# Text Similarity Analysis

we will focus on using Jaccard Similarity and Cosine Similarity to measure the similarity between documents.

![./images/text_similarity.png](./images/text_similarity.png)

In [1]:
import math

In [2]:
files = ['./data/sample1.txt','./data/sample2.txt','./data/sample3.txt','./data/sample4.txt']

For the example here, we are assuming space as an unique character, 
Also capital letters are different than lower cased letters

In [3]:
# Ex. "sky is Blue" = {['sk'], ['ky'], ['y '], ['is'], [' B'], ['Bl'], ['lu'],['ue']}
def twoCharGram(dataset):
    with open(dataset, 'r') as data:
        textFile = data.read().replace('\n', ' ')
        kGrams = set()
        # 2-Char gram
        for i in range(len(textFile)-1):
            if textFile[i] + textFile[i+1] not in kGrams:
                kGrams.add(textFile[i] + textFile[i+1])
    return kGrams

In [4]:
# Ex. "sky is Blue" = {['sky'], [' is'], [' Bl'], ['ue']}
def threeCharGram(dataset):
    with open(dataset, 'r') as data:
        textFile = data.read().replace('\n', ' ')
        kGrams = set()
        # 3-Char gram
        for i in range(len(textFile)-2):
            if textFile[i] + textFile[i+1] + textFile[i+2] not in kGrams:
                kGrams.add(textFile[i] + textFile[i+1] + textFile[i+2])
    return kGrams

In [5]:
# Ex. "sky is Blue" = {['sky is'], [' Blue']}
def twoWordGram(dataset):
    with open(dataset, 'r') as data:
        tokens = str.split(data.read().replace('\n', ' '))
        kGrams = set()
        #2-word gram
        for i in range(len(tokens)-1):
            if tokens[i] + ' ' + tokens[i+1] not in kGrams:
                kGrams.add(tokens[i] + ' ' + tokens[i+1])
    return kGrams

In [6]:
for dataset in files:
    print(dataset + ' two char gram size: %d' % len(twoCharGram(dataset)))
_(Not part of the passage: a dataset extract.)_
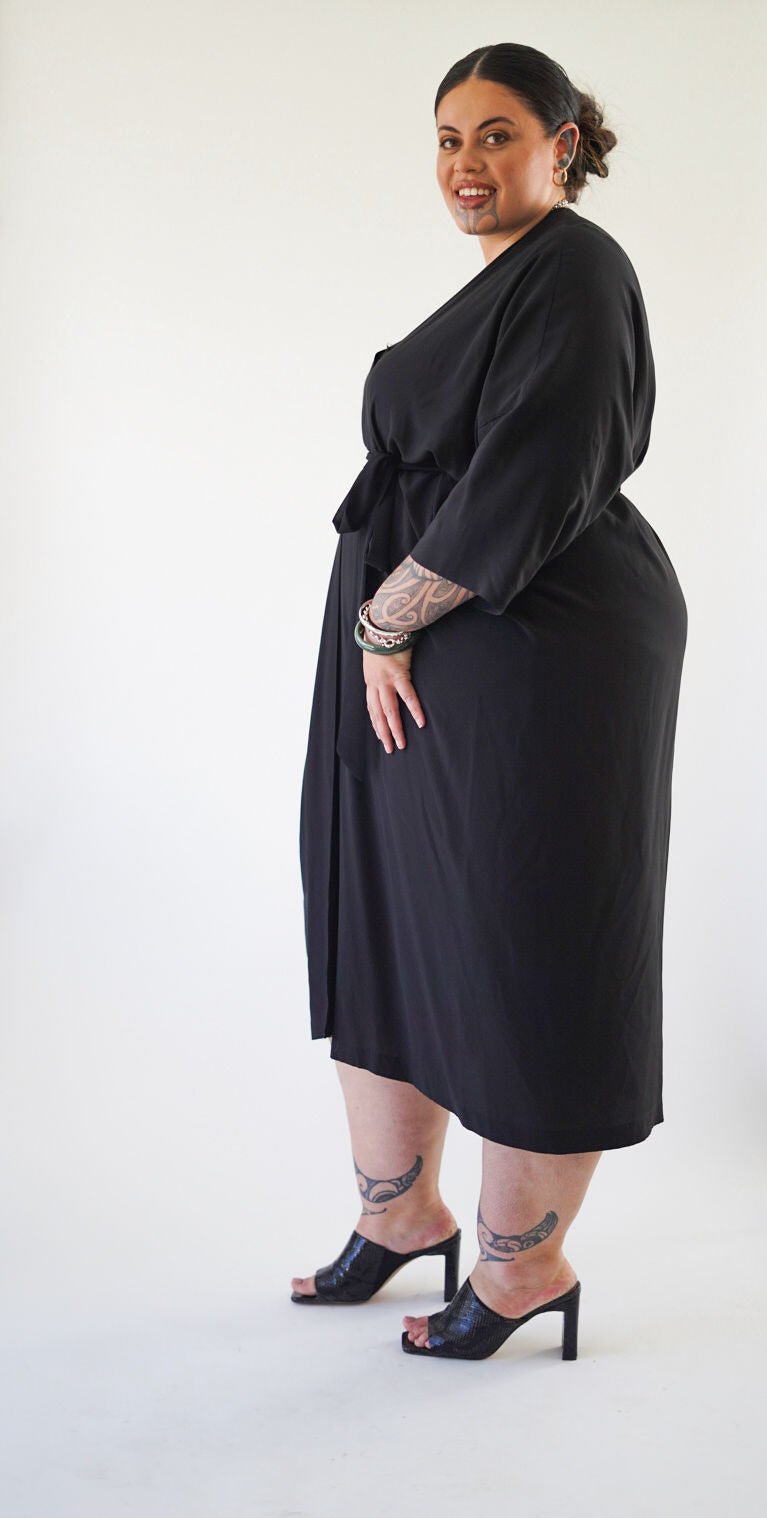 Miss Crabb Diamond Star Robe - Love & Lend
./data/sample1.txt two char gram size: 263
./data/sample2.txt two char gram size: 262
./data/sample3.txt two char gram size: 269
./data/sample4.txt two char gram size: 255


In [7]:
for dataset in files:
    print(dataset + ' three char gram size: %d' % len(threeCharGram(dataset)))

./data/sample1.txt three char gram size: 765
./data/sample2.txt three char gram size: 762
./data/sample3.txt three char gram size: 828
./data/sample4.txt three char gram size: 698


In [8]:
for dataset in files:
    print(dataset + ' two word gram size: %d' % len(twoWordGram(dataset)))

./data/sample1.txt two word gram size: 279
./data/sample2.txt two word gram size: 278
./data/sample3.txt two word gram size: 337
./data/sample4.txt two word gram size: 232


## Check the similarity between documents

## Jaccard Similarity

Jaccard Similarity is defined
$JS(A,B)=$
> # $\frac{|A\cap B|}{|A\cap B|+ |A\Delta B|} = \frac{|A\cap B|}{|A\cup B|}$

Consider two sets A = {0,1,2,5,6} and B = {0,2,3,5,7,9}. How similar are A and B? The Jaccard similarity is defined

$JS(A, B) = \frac{|A \cap B|}{|A\cup B|}$
$= \frac{|{0,2,5}|}{|{0,1,2,3,5,6,7,9}|} =  \frac{3}{8} = 0.375$

Given a set A, the cardinality of A denoted |A| counts how many elements are in A. The intersection between two sets A and B is denoted A ∩ B and reveals all items which are in both sets. The union between two sets A and B is denoted A ∪ B and reveals all items which are in either set.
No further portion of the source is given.